The Canadian artist Mark Lewis has been at work for some years on a re-treatment of film: like an anatomist, he dissects in his own films, often short pieces, the component parts, and reworks the emblematic figures of the tracking shot, the extra and the credits. He thus offers the viewer an exercise in decoding, a strange experience of déjà vu, and thus puts back together again his own, exploded idea of a “permanent cinema”. 

 

Continuing his cinema in bits operation, the Canadian Mark Lewis will be screening a series of films, old and new: The Fight (2008), Prater Hauptallee (2008), Spadina Reverse Dolly, Zoom, Nude (2006), 122 Leadenhall Street (2007) and Bricklayers Arms (2008) a film coproduced by Le Jeu de Paume.

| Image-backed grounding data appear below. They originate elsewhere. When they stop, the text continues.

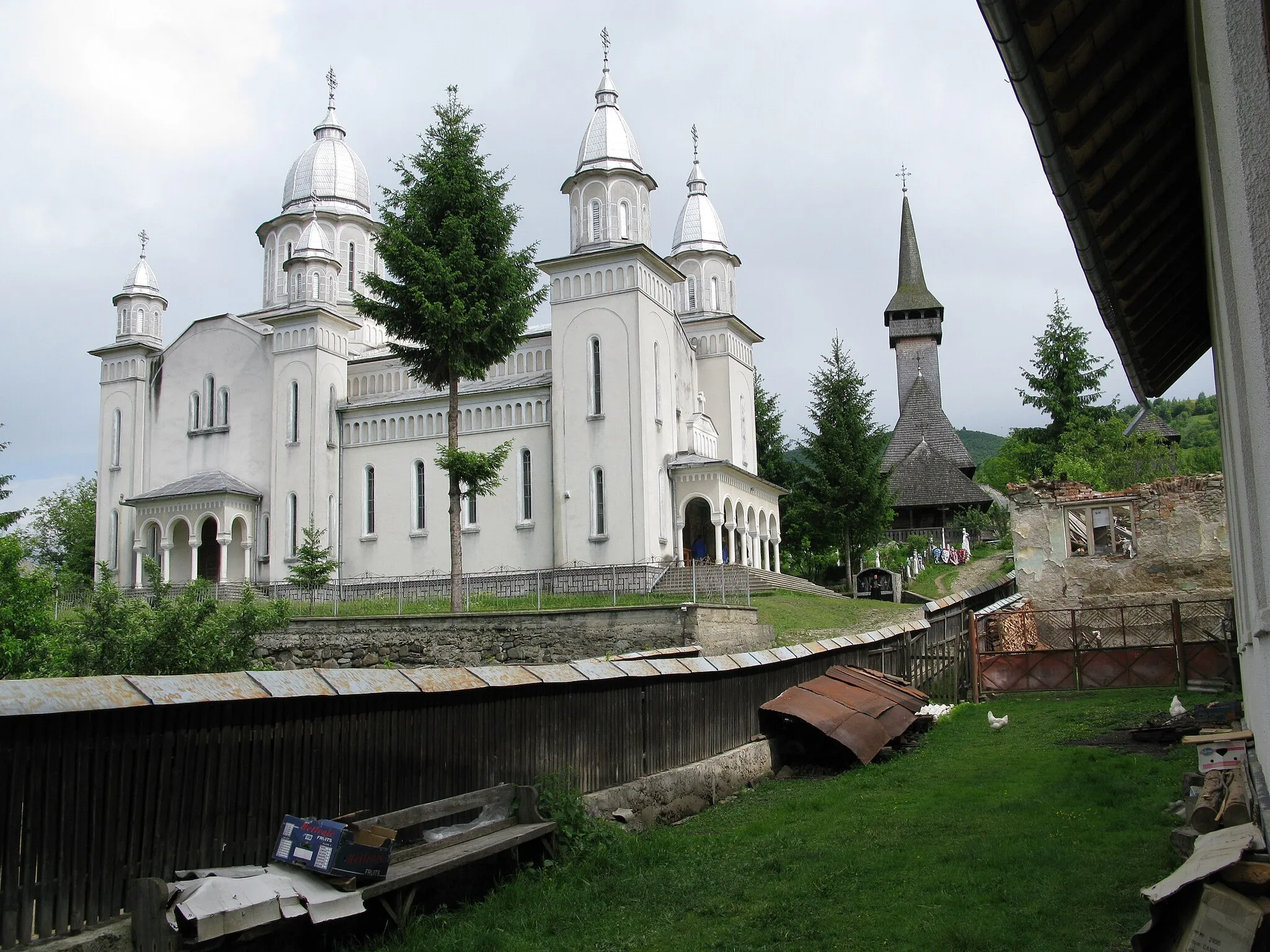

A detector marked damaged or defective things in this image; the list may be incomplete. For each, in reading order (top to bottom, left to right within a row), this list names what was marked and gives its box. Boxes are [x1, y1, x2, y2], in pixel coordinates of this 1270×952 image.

rusty metal sheet [0, 675, 151, 721]
rusted roofing panel [0, 680, 151, 716]
rusted roofing panel [126, 675, 270, 705]
rusty metal sheet [126, 670, 270, 710]
rusty metal sheet [246, 670, 337, 700]
rusted roofing panel [246, 670, 337, 700]
rusty metal sheet [316, 665, 419, 695]
rusted roofing panel [320, 665, 419, 695]
rusty metal sheet [404, 670, 487, 695]
rusted roofing panel [404, 670, 487, 695]
rusty metal sheet [469, 665, 543, 690]
rusted roofing panel [469, 665, 543, 690]
rusty metal sheet [525, 665, 584, 685]
rusted roofing panel [525, 665, 584, 685]
rusty metal sheet [571, 659, 624, 680]
rusted roofing panel [571, 659, 624, 680]
rusty metal sheet [610, 665, 660, 680]
rusted roofing panel [610, 665, 660, 680]
rusty metal sheet [650, 665, 691, 680]
rusty metal sheet [701, 654, 742, 670]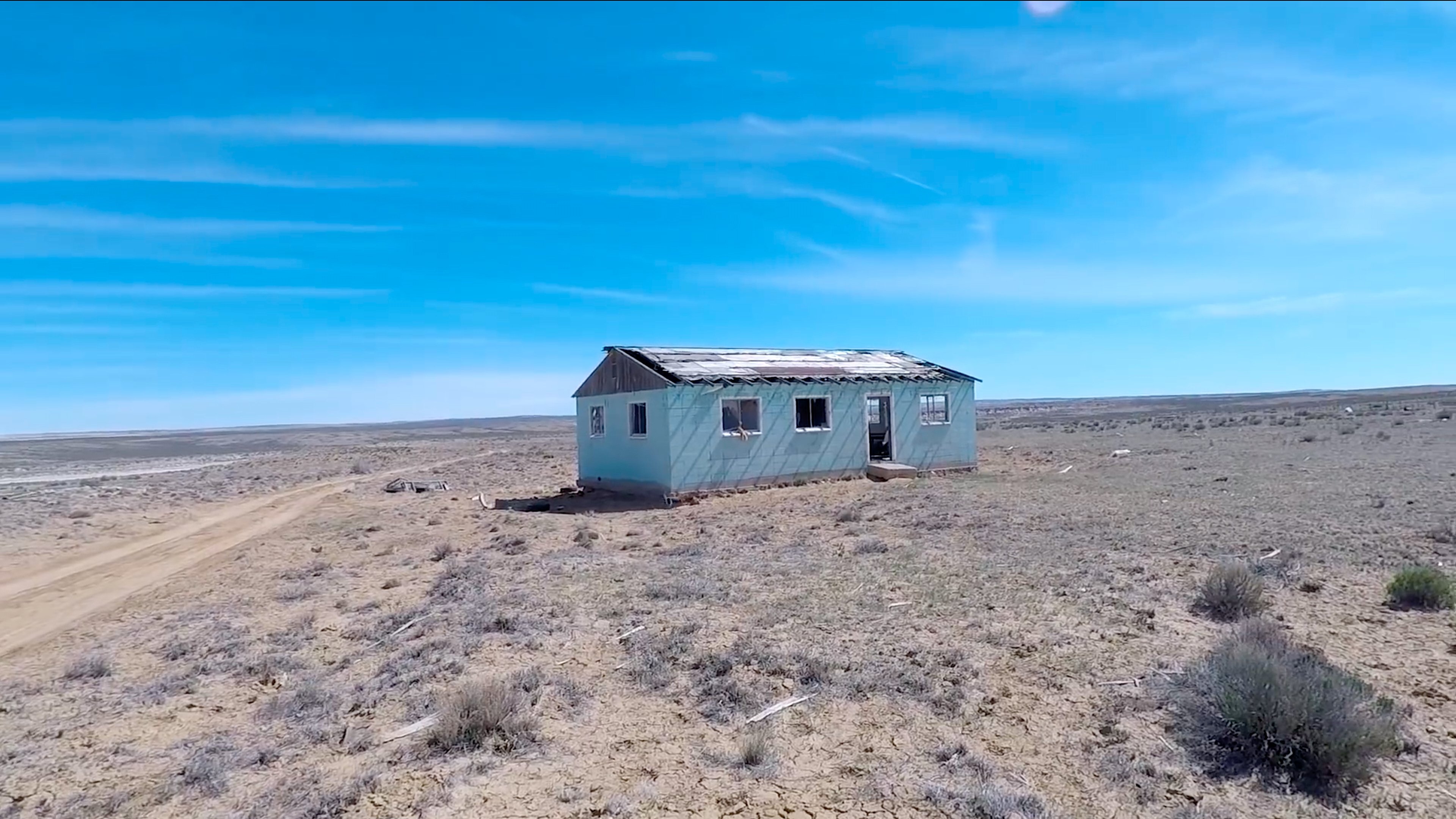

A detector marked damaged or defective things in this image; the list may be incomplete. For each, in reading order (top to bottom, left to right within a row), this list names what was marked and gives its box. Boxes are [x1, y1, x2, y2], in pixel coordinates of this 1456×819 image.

What does art enable you to do?

I'm not sure that art enables me to do anything outside its own logic and rules. And this, right now, means for me that I'm trying to introduce something of my daily relation to modern life into forms involving film and photography, the better to understand and appreciate both the image and my everyday life. I suppose, in a more general way, that we might say that according to Kant, the disinterested, objective character of art encourages us to stop, take time, and not reduce an encounter with art to economic ends. But people do so in any event, and they do it in their own way, and not at the request of the work of art. A work is appropriate to this kind of objective involvement or experience, but I don't think that this is produced. Perhaps a sign of quality for art would be that the viewer wants to stop. But then, when you think about it, it's really the doing of the viewer, and not the work of the piece.